In a report captioned ‘Rise of mini financial conglomerates’, Credit Suisse notes both IIFL and Edelweiss, which come from a capital market background, have built new businesses of scale. "We see a path to improving profitability and return on equity (RoE) for both," the note says. As for IIFL, the analysts, led by Sunil Tirumalai, highlight the non-banking financial company (NBFC) is among a few younger lenders to have already built a retail book and is a market leader in the wealth management business, which contributes to 30 per cent of profit before tax. "We see continued growth, leading to 36 per cent growth in earnings per share," the analysts add. For Edelweiss, even as value isn't attributed to its life insurance business as it is in a nascent stage, Credit Suisse notes that Edelweiss' key position in structured mid-corporate credit, agri-financing and its asset reconstruction company, the largest in India with comfortable capital position, are the important earnings drivers.
IIFL enjoys a diversified retail distribution with 1,112 NBFC branches, over 1,200 service locations for the capital market business and 33 offices, including seven major global financial centres, for its wealth management business. Edelweiss, on the other hand, has 71 offices in 61 cities for its life insurance business, with retail lending presence in 52 cities and 3,100 villages and also has over 80 offices for the wealth management business.

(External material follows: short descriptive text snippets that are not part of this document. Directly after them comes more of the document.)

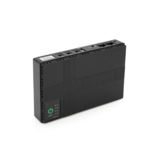 ДБЖ для роутерів/коммутаторів Merlion MINI DC1018P, 18W, Output: USB-5V, DC-5V/9V/12V, POE-15/24V, 1/2A, Li-ion 10400mAh, 160х105х32мм, 385 грам, Black, BOX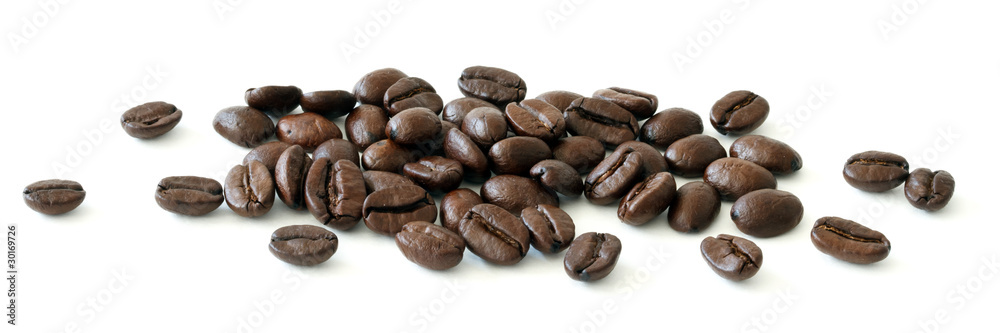 白底分离咖啡豆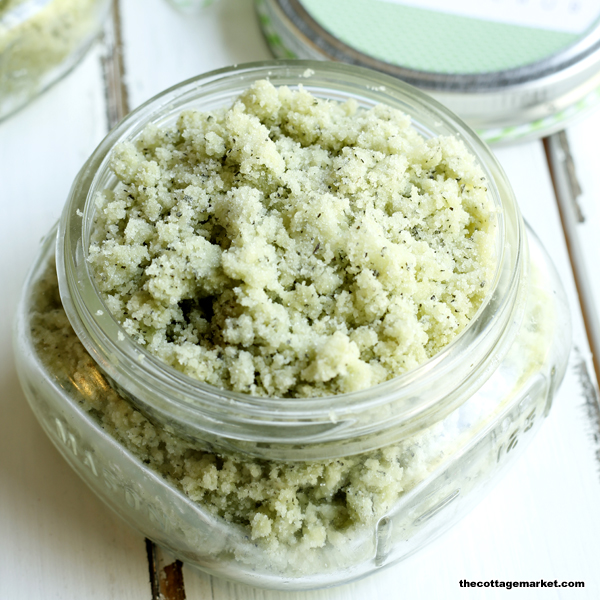 This DIY facial scrub made with sugar and coconut oil is great for your skin.
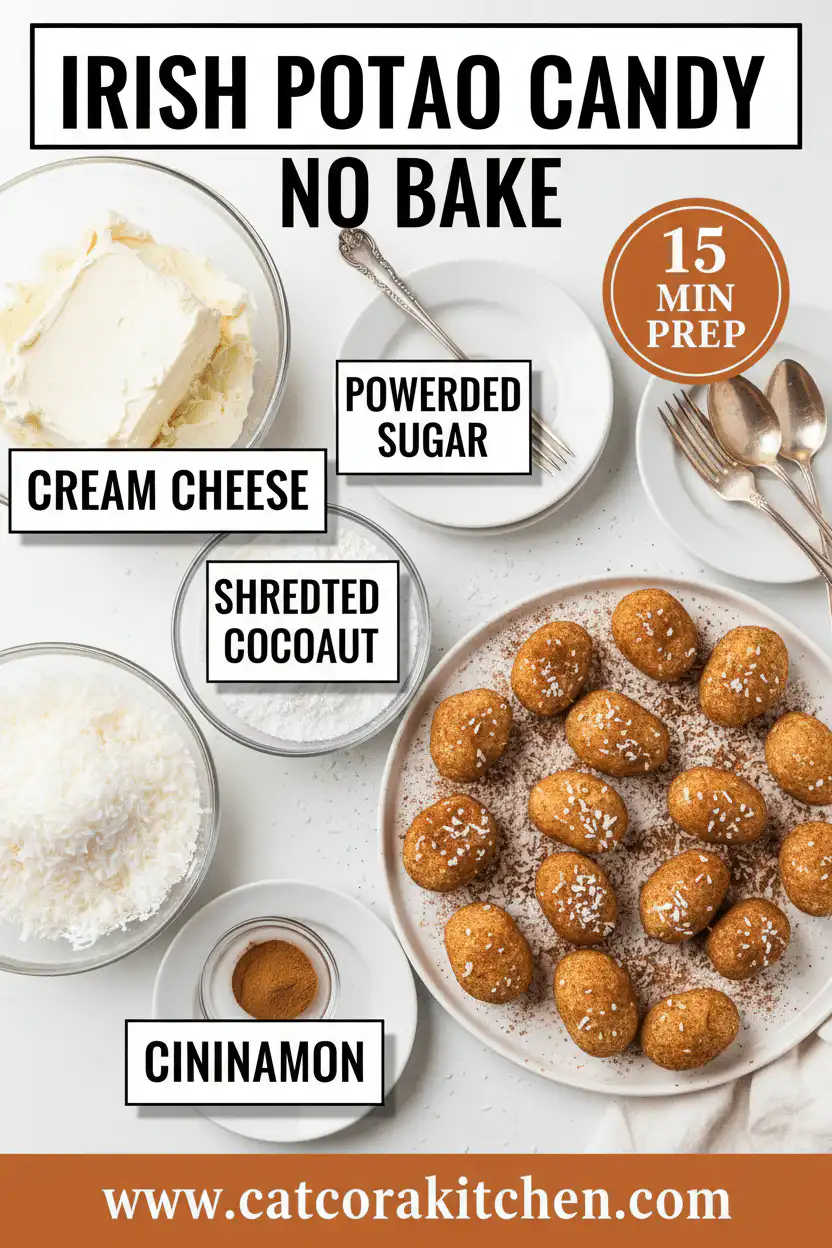 Irish potato candy no bake ingredients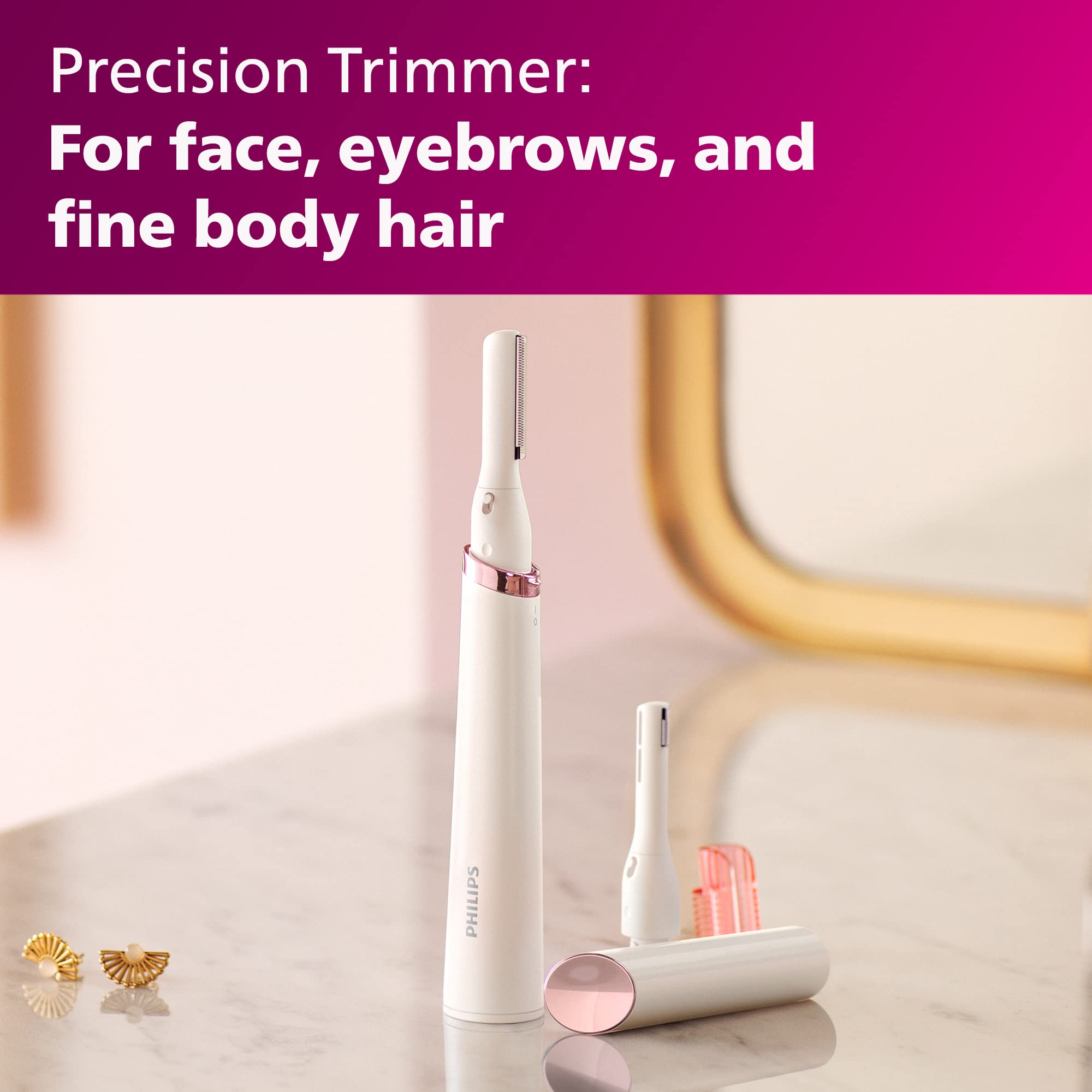 Foto 3 | Paquete Recortadora Philips Beauty Brt387/90 Bikini & Precision - Venta Internacional.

While the diversified operations is the moot point for Credit Suisse's positive recommendation, the brokerage also makes an interesting observation that the leading Indian wealth managers like IIFL already report revenue yields and profitability on a par with global leaders. "While some pressure on yields can be expected due to competition, the Indian wealth management industry is graduating away from plain 'custody' products to higher value products. This could help protect revenue yields for the industry," the report highlights.
A similar argument holds true for Motilal Oswal Financial Services. Ambit Capital, which recently initiated coverage on the stock, says the NBFC's earnings predictability and longevity will improve in the coming years, with the increasing share of its asset management and housing finance companies.